He corrected the misrepresentations that have been circulating about the privatisation of the port at Piraeus.

“Media reports that the Piraeus port privatisation was reversed could not be further from the truth. Indeed, quite the opposite holds as foreign direct investment will be encouraged as long as the state secures a stream of long term revenues and a say in labour relations and environmental issues.”

He also criticised media coverage of announcements to rehire public sector cleaners and increase pensions for the poorest, explaining that these measures have a tiny effect on public spending. And reports that the minimum wage will be raised apply to the private sector and so its impact will be an increase of tax revenue which is good for public finances.

One of the central points of contention is that Greece generates an income of 4.5% more than it spends in order to repay debt. Greece maintains that this is impossible and prevents the country from growing economically. Greece wants to drop the amount to 1.5% allowing anything above that to be directed to economic development.

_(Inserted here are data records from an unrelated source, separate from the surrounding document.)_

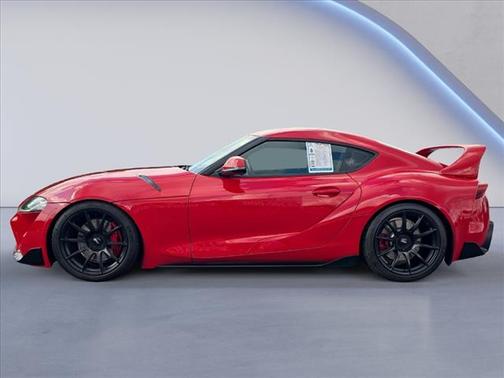 2020 Toyota Supra 3.0 Premium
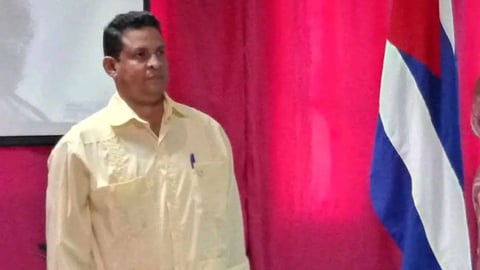 Luto en Baracoa: Muere Eider Milhet Laborí, presidente de la Asamblea Municipal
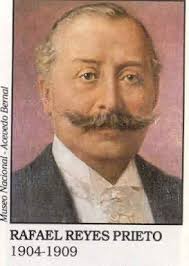 Rafael Reyes Prieto, Presidente de Colombia 1904-1909 - Ricardo Acevedo Bernal ... - ACregh00874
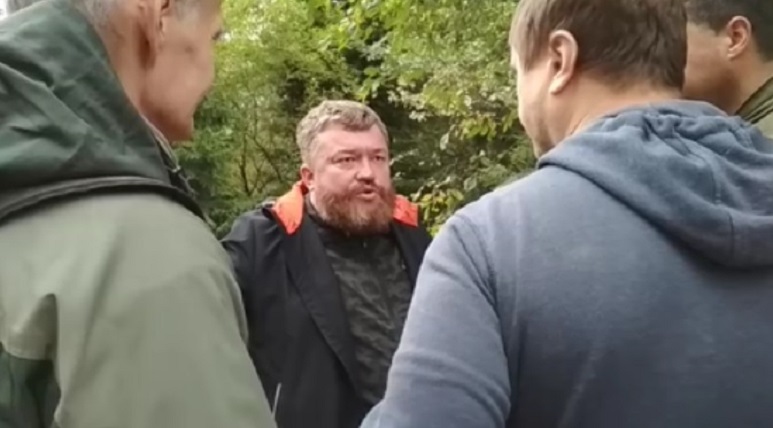 Экстренный выезд на вырубку в Солнечногорске: полиция так и не приехала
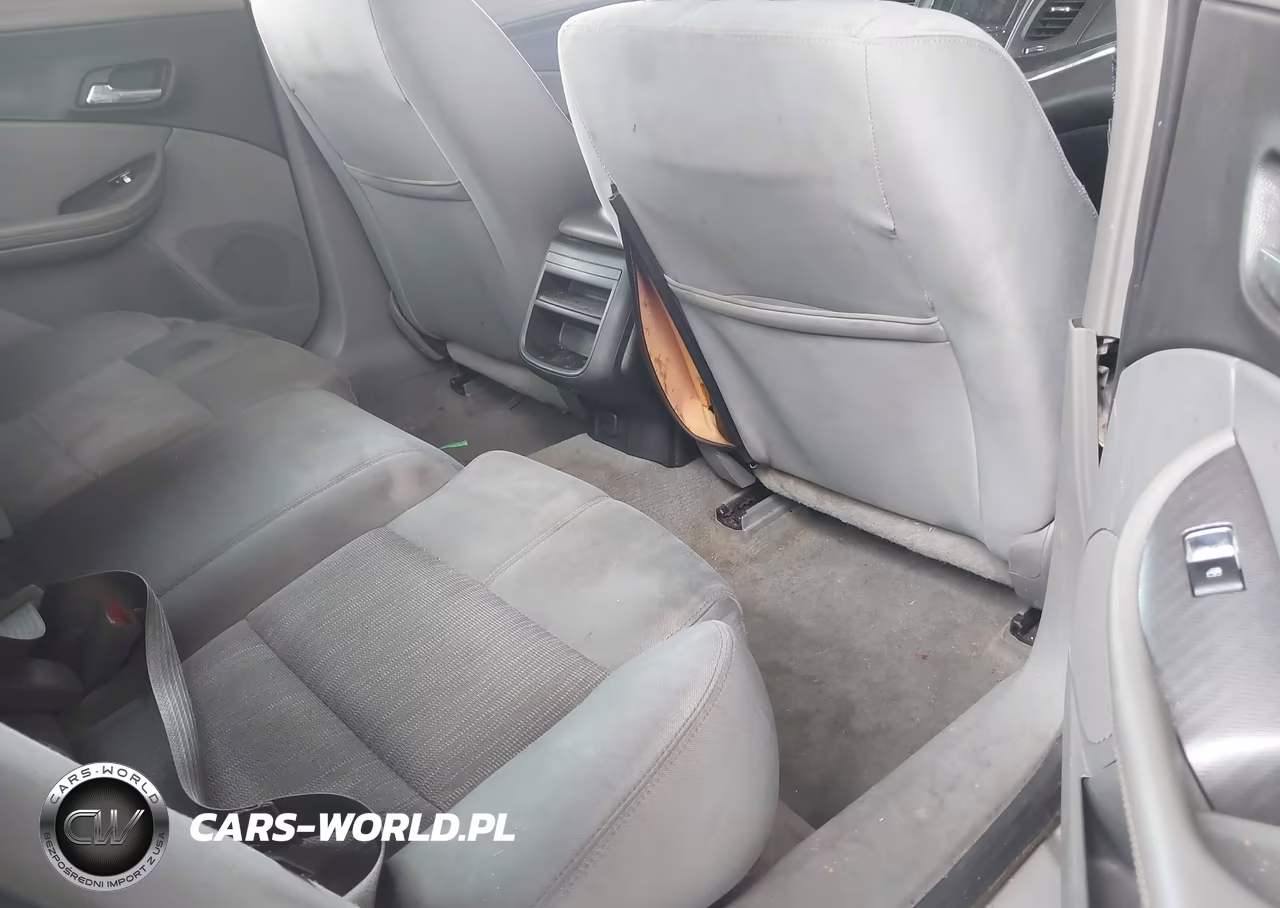 2014 Chevrolet Impala 1Ls VIN:2G11Y5SL9E9109631 - 8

It comes down to the fact that Germany doesn’t trust Greece when she says that she will repay the debt. Germany alone is owed some €50 billion of the €240 billion bailout deal.

Greece has now asked for an extension to a loan to enable the plan to be finalised but Germany so far says no. A letter from Varoufakis to the Eurogroup was received well by many countries but Germany said that it still isn’t a substantial solution.

Greece’s commitments to repay its debt in full and even asking for a loan extension, in reality, betray Syriza’s election pledges but Tsipras believes he can sell it to his domestic audience. Greece has even gone back effectively on her refusal to deal with the hated troika.

As the game goes into its final phase, meetings continue but it still seems possible that Greece could leave the Eurozone. The impact of such a move would be extremely positive in the long term for the Greek economy, but there would be significant short term pain, especially for businesses that trade with other Eurozone countries, but definitely it would make Greece the bargain holiday destination of 2015.

In the meantime, on social media witty Greeks are circulating designs by Greek designer and artist Pavlos Vatikiotis (https://www.behance.net/gallery/6080677/New-Greek-Drachma), for possible new notes of the old drachma currency in case they become suddenly necessary. The designs in the image in this article feature modern day Greek contributors to culture, art and science: Maria Callas (soprano), Melina Merkuri (actress, politician), Odysseas Elitis (Nobel prize winner for literature), Cornilios Kastoriadis (philosopher), Giorgos Papanikolaou (doctor, inventor of the Pap test), and Giannis Moralis (painter).

The game goes on, only whereas for the international financial system, playing games, gambling money, trading with peoples livelihoods is an everyday situation, for the Greeks, it is very far from being a game: this is a matter of life and death for thousands of people living a very real humanitarian crisis.

[1] The unethical practice of spending wealth on political lobbying to increase one’s share of existing wealth without creating it.